George Sidney Cooper was born in the Winton district of Eccles in 1935. He grew up in Swinton and attended Moorside Road Comprehensive school from 1940-1955. before going on to attend the Salford Art School.
Leaving college he worked for a Salford printing company illustrating mail order catalogues and magazines ads etc as at that time there was very little colour photography.
In 1965, 'Sid' moved to Lancaster and worked in the studio at the Courtauds company. There his job consisted of transferring textile designs into separate colour frames for running through the printing presses. Being made redundant in the late seventies due to Courtaulds moving parts of the process out of Lancaster he decided to go it alone and try to turn what had always been his passion and a part time hobby for many years into a business. He started mainly with railway paintings as they had always proved popular.
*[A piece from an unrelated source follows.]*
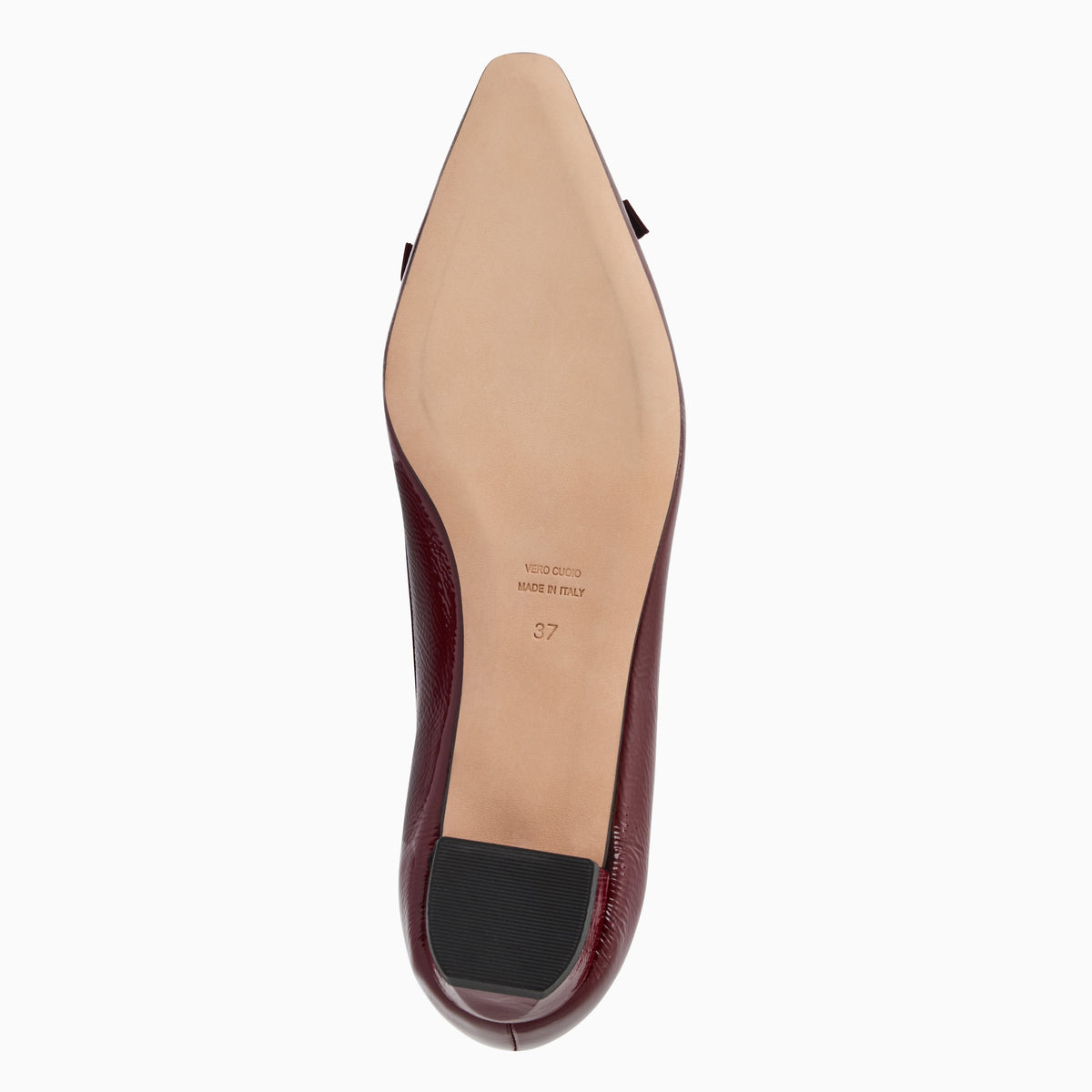 Jack Rogers - Rosina Kitten Heel - Bordeaux - view 5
He was eventually able to concentrate on his real passion which was buses and road transport.
Having spent many years traveling the country taking photographs he had acquired a vast amount of knowledge on his subject. He was able to produce authentic and nostalgic pictures of street scenes, with buses and commercial vehicles in their many and varied liveries. As very many predated the days of colour photography they could be seen for the first time in their true colours.
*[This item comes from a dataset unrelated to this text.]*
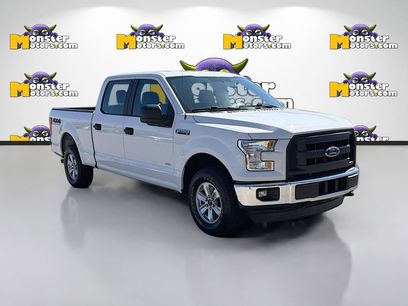 Used 2015 Ford F150 XL w/ Equipment Group 101A Mid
Sid became well known through his regular attendance of steam rallies, toy fairs and model railway exhibitions. He appeared on TV, being interviewed by Stuart Hall for Look North West in the mid 1980s. He also illustrated several book covers for TPC Transport Publications and his work was published in several national newspapers in transport supplements. Liverpool Maritime Museum commissioned him to produce a series of posters depicting the historic ferries and steamers of Merseyside He also worked on a series of transport related pub signs, telephone cards and bookmarks.
He worked with Dawn Publications on a series of football related postcards and first day covers. These proved to be hugely popular and for two consecutive years were voted the best new design. He also provided illustrations for a very popular series "the one that got away" featured in Gavin Booths Classic Bus Magazine.
Sid was still working on both these series right up until his untimely death in 1998.